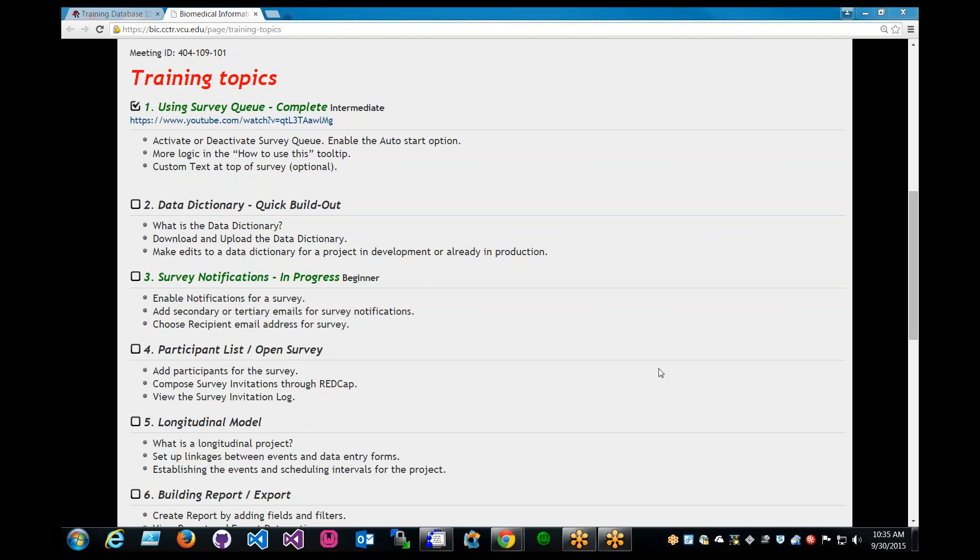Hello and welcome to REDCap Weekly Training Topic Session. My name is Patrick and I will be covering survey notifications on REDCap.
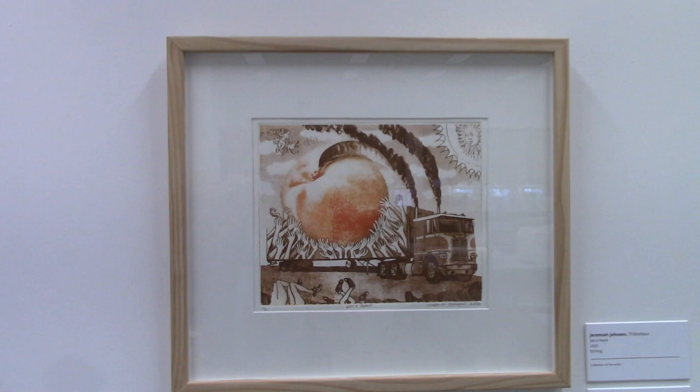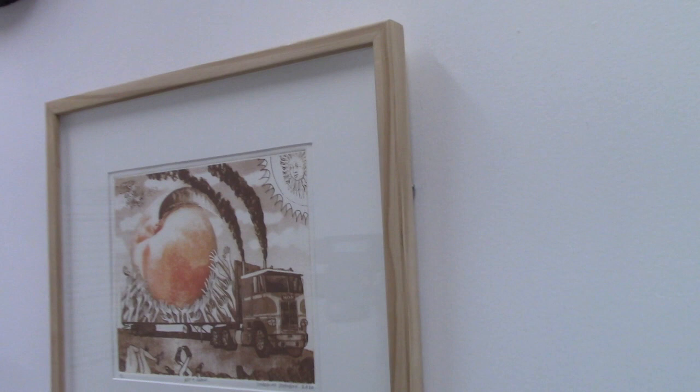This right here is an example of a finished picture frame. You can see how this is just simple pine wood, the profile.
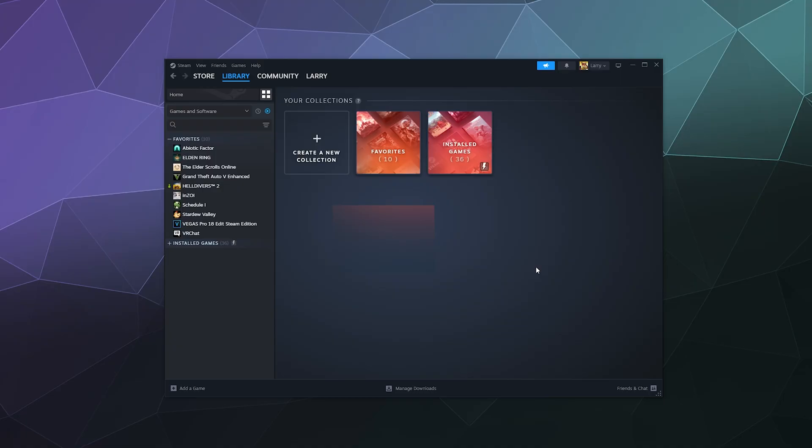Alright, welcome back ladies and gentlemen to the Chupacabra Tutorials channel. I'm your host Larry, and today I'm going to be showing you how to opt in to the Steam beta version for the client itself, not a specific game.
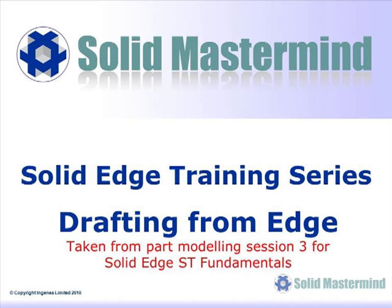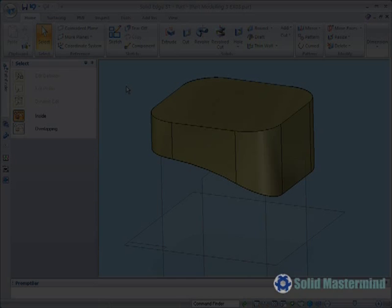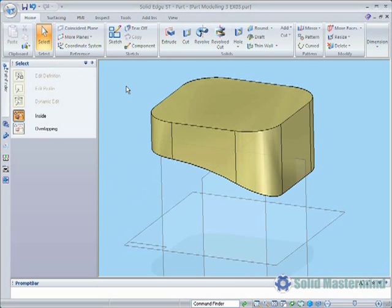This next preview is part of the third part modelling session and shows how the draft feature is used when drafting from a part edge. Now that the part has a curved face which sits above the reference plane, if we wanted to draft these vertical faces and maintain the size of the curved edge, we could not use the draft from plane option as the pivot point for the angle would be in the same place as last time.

WHAT YOU WILL DO |
Extract the full listing above verbatim; pictures are to be left out of the copy.

FINISHED EXERCISE |
Hello and welcome to REDCap Weekly Training Topic Session. My name is Patrick and I will be covering survey notifications on REDCap.
This right here is an example of a finished picture frame. You can see how this is just simple pine wood, the profile.
Alright, welcome back ladies and gentlemen to the Chupacabra Tutorials channel. I'm your host Larry, and today I'm going to be showing you how to opt in to the Steam beta version for the client itself, not a specific game.
This next preview is part of the third part modelling session and shows how the draft feature is used when drafting from a part edge. Now that the part has a curved face which sits above the reference plane, if we wanted to draft these vertical faces and maintain the size of the curved edge, we could not use the draft from plane option as the pivot point for the angle would be in the same place as last time.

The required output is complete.